▶ [TASK BRIEF]: Please filter the entries for the word "Earrings" and copy every line that has it.

▶ [INPUT DATA]:

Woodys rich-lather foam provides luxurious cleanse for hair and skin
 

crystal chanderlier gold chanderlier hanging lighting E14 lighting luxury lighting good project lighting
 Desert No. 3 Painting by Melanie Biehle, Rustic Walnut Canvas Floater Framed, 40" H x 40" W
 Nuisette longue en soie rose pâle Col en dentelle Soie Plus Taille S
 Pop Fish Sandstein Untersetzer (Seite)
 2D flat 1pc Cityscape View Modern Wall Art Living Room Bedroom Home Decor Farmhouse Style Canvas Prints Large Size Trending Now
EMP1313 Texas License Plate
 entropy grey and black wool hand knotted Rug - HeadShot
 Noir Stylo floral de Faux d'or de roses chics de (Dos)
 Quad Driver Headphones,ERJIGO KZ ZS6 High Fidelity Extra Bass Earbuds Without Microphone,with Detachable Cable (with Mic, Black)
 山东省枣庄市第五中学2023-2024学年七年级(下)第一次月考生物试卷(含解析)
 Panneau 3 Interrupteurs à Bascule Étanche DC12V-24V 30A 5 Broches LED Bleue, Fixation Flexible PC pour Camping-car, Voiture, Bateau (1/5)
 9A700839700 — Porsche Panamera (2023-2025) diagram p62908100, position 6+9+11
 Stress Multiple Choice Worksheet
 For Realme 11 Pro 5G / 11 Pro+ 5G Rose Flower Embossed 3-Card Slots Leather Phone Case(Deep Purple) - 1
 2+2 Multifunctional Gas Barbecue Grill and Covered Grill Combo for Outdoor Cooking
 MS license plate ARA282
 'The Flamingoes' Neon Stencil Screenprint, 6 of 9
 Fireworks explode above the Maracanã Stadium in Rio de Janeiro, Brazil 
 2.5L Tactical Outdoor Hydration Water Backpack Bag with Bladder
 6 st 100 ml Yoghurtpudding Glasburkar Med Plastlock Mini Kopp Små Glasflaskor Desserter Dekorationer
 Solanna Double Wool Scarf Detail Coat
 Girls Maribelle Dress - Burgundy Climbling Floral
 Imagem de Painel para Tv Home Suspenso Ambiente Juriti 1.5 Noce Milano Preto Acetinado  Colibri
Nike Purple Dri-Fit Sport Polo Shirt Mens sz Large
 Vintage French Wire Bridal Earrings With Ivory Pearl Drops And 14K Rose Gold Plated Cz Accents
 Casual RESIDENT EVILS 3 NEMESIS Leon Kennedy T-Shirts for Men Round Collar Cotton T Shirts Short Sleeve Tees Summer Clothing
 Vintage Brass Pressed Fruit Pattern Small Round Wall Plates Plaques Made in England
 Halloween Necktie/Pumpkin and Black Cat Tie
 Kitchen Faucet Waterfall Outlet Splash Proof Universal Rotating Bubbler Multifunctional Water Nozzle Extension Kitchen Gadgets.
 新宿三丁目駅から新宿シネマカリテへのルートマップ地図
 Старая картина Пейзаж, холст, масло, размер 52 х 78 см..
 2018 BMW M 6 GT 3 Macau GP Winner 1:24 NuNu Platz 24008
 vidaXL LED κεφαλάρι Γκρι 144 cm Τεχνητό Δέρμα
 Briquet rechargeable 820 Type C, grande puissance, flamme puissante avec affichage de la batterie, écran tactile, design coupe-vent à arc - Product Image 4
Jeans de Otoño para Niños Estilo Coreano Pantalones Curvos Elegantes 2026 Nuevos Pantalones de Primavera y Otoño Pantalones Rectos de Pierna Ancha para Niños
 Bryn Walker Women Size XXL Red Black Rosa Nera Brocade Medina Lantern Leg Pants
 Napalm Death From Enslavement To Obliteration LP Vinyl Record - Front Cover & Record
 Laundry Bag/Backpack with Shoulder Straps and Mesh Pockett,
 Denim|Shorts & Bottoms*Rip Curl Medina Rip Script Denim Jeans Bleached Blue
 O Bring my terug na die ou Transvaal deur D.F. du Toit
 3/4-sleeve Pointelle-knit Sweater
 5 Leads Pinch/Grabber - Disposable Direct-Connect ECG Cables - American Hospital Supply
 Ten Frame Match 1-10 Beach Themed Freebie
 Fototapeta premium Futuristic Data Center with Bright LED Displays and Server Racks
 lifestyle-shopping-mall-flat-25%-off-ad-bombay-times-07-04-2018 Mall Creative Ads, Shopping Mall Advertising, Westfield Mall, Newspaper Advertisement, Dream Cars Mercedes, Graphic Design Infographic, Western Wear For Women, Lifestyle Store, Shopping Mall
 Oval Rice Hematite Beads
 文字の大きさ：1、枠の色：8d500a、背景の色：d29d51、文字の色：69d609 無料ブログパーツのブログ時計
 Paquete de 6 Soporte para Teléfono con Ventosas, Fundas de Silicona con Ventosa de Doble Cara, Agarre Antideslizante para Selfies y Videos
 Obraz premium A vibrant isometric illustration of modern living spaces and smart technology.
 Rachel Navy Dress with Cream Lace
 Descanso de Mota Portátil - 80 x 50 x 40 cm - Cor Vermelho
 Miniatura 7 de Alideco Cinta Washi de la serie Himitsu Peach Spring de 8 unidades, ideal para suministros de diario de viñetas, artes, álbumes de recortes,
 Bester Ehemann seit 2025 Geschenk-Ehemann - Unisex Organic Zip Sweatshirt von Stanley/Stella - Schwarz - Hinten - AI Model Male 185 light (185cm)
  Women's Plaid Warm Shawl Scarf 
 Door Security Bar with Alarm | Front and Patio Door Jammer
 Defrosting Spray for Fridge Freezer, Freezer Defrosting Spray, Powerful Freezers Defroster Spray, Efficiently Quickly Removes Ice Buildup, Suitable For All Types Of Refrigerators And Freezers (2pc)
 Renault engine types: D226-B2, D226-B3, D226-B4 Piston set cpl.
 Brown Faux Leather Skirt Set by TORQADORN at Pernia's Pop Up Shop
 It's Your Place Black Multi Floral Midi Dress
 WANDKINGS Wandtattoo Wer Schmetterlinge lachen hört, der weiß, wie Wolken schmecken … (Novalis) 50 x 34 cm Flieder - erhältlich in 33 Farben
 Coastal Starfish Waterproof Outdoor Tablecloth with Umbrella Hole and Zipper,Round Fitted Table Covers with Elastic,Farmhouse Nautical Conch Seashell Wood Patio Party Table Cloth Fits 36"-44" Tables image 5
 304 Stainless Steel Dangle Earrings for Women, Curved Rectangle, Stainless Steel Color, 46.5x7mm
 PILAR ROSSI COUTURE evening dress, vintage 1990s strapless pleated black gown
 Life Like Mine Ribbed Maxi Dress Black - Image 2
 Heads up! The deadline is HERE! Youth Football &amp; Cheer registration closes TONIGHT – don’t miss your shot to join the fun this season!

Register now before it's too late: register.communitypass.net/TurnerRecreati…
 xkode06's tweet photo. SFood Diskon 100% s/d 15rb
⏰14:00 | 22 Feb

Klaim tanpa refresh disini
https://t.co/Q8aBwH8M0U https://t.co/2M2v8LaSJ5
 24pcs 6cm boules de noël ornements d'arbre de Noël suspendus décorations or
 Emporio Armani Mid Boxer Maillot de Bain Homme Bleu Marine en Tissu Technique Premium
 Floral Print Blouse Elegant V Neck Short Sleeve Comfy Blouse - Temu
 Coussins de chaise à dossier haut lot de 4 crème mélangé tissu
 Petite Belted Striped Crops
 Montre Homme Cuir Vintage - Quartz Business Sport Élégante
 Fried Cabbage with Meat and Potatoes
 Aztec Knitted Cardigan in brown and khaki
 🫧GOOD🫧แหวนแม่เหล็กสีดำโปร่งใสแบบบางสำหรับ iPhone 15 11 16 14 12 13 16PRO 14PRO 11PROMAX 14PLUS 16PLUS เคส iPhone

▶ [RESULT FOR THIS EXERCISE]:
 Vintage French Wire Bridal Earrings With Ivory Pearl Drops And 14K Rose Gold Plated Cz Accents
 304 Stainless Steel Dangle Earrings for Women, Curved Rectangle, Stainless Steel Color, 46.5x7mm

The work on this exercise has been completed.